--- Supplied records Enclosed Below ---

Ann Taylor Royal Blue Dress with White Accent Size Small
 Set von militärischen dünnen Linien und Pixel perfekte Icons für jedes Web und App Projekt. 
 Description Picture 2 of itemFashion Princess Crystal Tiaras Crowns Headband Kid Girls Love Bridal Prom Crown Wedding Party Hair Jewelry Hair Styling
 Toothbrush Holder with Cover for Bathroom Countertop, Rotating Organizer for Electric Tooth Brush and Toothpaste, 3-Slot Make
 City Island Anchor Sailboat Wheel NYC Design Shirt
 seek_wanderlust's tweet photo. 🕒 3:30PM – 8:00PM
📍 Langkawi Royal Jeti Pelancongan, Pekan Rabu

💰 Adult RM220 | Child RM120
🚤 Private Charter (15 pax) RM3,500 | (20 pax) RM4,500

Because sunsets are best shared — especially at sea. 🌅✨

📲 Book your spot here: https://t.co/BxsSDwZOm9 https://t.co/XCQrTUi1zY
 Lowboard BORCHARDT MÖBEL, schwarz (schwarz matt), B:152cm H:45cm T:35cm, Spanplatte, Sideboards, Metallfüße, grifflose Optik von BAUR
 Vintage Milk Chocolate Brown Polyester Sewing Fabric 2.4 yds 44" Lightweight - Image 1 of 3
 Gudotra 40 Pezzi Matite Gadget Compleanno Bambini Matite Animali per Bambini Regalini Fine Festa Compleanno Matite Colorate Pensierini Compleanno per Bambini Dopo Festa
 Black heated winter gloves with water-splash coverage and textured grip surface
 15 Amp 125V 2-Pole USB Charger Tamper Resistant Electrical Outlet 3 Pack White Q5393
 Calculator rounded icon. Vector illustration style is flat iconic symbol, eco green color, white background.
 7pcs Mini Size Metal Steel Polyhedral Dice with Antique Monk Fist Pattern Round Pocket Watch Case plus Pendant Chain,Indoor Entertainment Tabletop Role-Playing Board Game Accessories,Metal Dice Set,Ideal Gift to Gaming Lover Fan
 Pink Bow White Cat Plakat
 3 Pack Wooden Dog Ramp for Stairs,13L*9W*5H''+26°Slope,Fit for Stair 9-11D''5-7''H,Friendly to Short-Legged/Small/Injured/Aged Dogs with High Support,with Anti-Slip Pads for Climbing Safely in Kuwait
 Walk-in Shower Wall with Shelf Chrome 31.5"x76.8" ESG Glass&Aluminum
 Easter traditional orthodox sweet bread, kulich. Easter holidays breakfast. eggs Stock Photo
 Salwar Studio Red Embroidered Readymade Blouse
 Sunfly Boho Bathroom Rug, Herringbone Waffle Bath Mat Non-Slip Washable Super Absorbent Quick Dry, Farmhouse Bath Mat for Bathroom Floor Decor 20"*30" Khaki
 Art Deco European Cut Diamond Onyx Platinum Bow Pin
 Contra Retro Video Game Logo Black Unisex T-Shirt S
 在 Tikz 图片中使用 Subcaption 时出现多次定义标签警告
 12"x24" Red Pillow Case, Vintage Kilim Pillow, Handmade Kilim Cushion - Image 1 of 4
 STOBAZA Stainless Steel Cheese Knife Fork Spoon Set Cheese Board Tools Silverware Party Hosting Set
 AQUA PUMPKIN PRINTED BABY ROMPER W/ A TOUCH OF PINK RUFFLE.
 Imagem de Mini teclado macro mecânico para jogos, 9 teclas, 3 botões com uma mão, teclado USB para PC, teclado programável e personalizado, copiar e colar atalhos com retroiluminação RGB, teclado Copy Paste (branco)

--- End of Enclosed Supplied records ---

» **Task directions**:
Print each line, exactly as written, from the one that contains "Calculator rounded icon." to the end of the data above, with both end lines included and nothing else.

» **Exercise result**:
 Calculator rounded icon. Vector illustration style is flat iconic symbol, eco green color, white background.
 7pcs Mini Size Metal Steel Polyhedral Dice with Antique Monk Fist Pattern Round Pocket Watch Case plus Pendant Chain,Indoor Entertainment Tabletop Role-Playing Board Game Accessories,Metal Dice Set,Ideal Gift to Gaming Lover Fan
 Pink Bow White Cat Plakat
 3 Pack Wooden Dog Ramp for Stairs,13L*9W*5H''+26°Slope,Fit for Stair 9-11D''5-7''H,Friendly to Short-Legged/Small/Injured/Aged Dogs with High Support,with Anti-Slip Pads for Climbing Safely in Kuwait
 Walk-in Shower Wall with Shelf Chrome 31.5"x76.8" ESG Glass&Aluminum
 Easter traditional orthodox sweet bread, kulich. Easter holidays breakfast. eggs Stock Photo
 Salwar Studio Red Embroidered Readymade Blouse
 Sunfly Boho Bathroom Rug, Herringbone Waffle Bath Mat Non-Slip Washable Super Absorbent Quick Dry, Farmhouse Bath Mat for Bathroom Floor Decor 20"*30" Khaki
 Art Deco European Cut Diamond Onyx Platinum Bow Pin
 Contra Retro Video Game Logo Black Unisex T-Shirt S
 在 Tikz 图片中使用 Subcaption 时出现多次定义标签警告
 12"x24" Red Pillow Case, Vintage Kilim Pillow, Handmade Kilim Cushion - Image 1 of 4
 STOBAZA Stainless Steel Cheese Knife Fork Spoon Set Cheese Board Tools Silverware Party Hosting Set
 AQUA PUMPKIN PRINTED BABY ROMPER W/ A TOUCH OF PINK RUFFLE.
 Imagem de Mini teclado macro mecânico para jogos, 9 teclas, 3 botões com uma mão, teclado USB para PC, teclado programável e personalizado, copiar e colar atalhos com retroiluminação RGB, teclado Copy Paste (branco)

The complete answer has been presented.